China had backed North Korea in its invasion of South Korea, but now needed to defend North Korea from political extinction. Apart from that, North Korea was important also as a buffer against the United States. The Chinese leadership feared that the ultimate objective of the United States was to attack China and topple the communist regime that had been in power since 1949.

That was certainly not Truman’s objective. Indeed, when General Douglas MacArthur, who headed the international force in Korea, urged Truman to expand the war by attacking mainland China, he refused. An attack on mainland China might enlarge the war even further, he feared, leading perhaps to the direct intervention also of the Soviet Union. When MacArthur made public his disagreement with Truman, the latter fired him.

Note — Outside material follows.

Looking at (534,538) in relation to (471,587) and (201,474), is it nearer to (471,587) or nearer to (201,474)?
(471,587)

This was an act of supreme leadership by Truman, who knew that MacArthur was enormously popular in the United States, and that his decision might not be welcomed by public opinion. However, he strongly believed that an elected president must prevail over a general. The latter could advise, try to persuade a president, but once a decision had been taken by a president, a general could either implement it or resign. Any other option was unacceptable.

Truman wanted to confine the war to the Korean theater. The direct intervention of China was a most unwelcome development, which he hoped to contain without enlarging the war beyond Korea.

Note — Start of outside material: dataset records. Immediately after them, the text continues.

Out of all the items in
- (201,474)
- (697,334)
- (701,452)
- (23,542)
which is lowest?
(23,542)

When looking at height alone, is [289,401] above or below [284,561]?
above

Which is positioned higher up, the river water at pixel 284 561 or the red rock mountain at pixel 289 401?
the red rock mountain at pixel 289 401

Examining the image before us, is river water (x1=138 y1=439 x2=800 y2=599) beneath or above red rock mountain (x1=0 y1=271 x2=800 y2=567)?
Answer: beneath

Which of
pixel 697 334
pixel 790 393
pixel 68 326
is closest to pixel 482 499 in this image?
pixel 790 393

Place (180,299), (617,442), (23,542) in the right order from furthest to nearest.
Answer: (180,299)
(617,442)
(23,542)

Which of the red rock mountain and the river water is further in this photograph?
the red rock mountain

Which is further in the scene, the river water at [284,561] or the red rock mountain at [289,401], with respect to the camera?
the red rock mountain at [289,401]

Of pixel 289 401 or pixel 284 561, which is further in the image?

The Korean War would last until July 1953. The ceasefire agreement would restore, in general terms, the territorial and political status quo ante that prevailed prior to the outbreak of war in 1950.  This raises the question as to whether the decision during the war by the United States and South Korea to cross the 38th parallel was, with the benefit of hindsight, correct or not. Could the war have finished much earlier than it did, and with considerably fewer casualties? Shouldn’t the United States and South Korea have deemed the liberation of South Korea as a victory and stopped the war after having achieved it?

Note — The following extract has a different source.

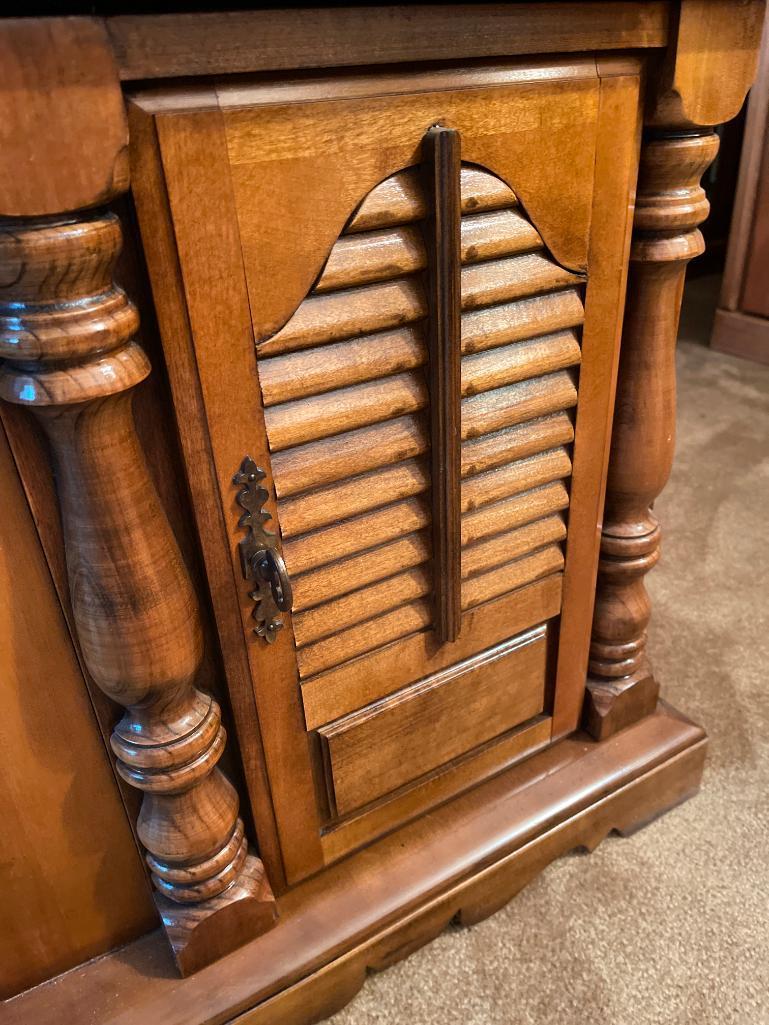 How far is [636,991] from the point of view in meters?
0.88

The original decision by the United States with regard to the North Korean invasion was understandable and justifiable, in the short run, and wise in the long run, as it conveyed a deterrent message to North Korea and its communist allies, the Soviet Union and China. An implicit red-line had been drawn by the United States conveying its readiness to defend South Korea, which has outlived many a crisis up to the present. In that respect, the Korean War was a turning point.

With the benefit of hindsight, the decision by the North Korean leader, Kim Il Sung, to invade South Korea turned out to be a serious mistake. He could have paid more dearly than he did had it not been for the direct intervention by China. That could have been avoided, to be sure, had the United States and South Korea not crossed the 38th parallel during the war. However, it ought to be stressed: China and North Korea crossed the 38th parallel in their counteroffensive, which was designed to repel the U.S. and South Korean forces from North Korea. In other words, North Korea and China were bent on destroying South Korea as a separate sovereign entity. Whether the decision by the United States and South Korea to cross the 38th parallel was correct or not should not be assessed from a moral point of view, but rather from a pragmatic perspective. North Korea had started the war, and it could have ended it with the help of its Chinese ally by stopping at the 38th parallel. It didn’t. The war lasted until July 1953 not only because the United States and South Korea had resolved to unite both Koreas under a non-communist regime, but also due to the decision of North Korea and China to attempt, once again, to obliterate South Korea, rather than stop the war at the 38th parallel.

Dr. Yoav J. Tenembaum is a lecturer at the School of Political Science, Government and International Affairs, at Tel Aviv University, Israel. Tenembaum holds a doctorate degree in Modern History from Oxford University and a master’s degree in International Relations from Cambridge University.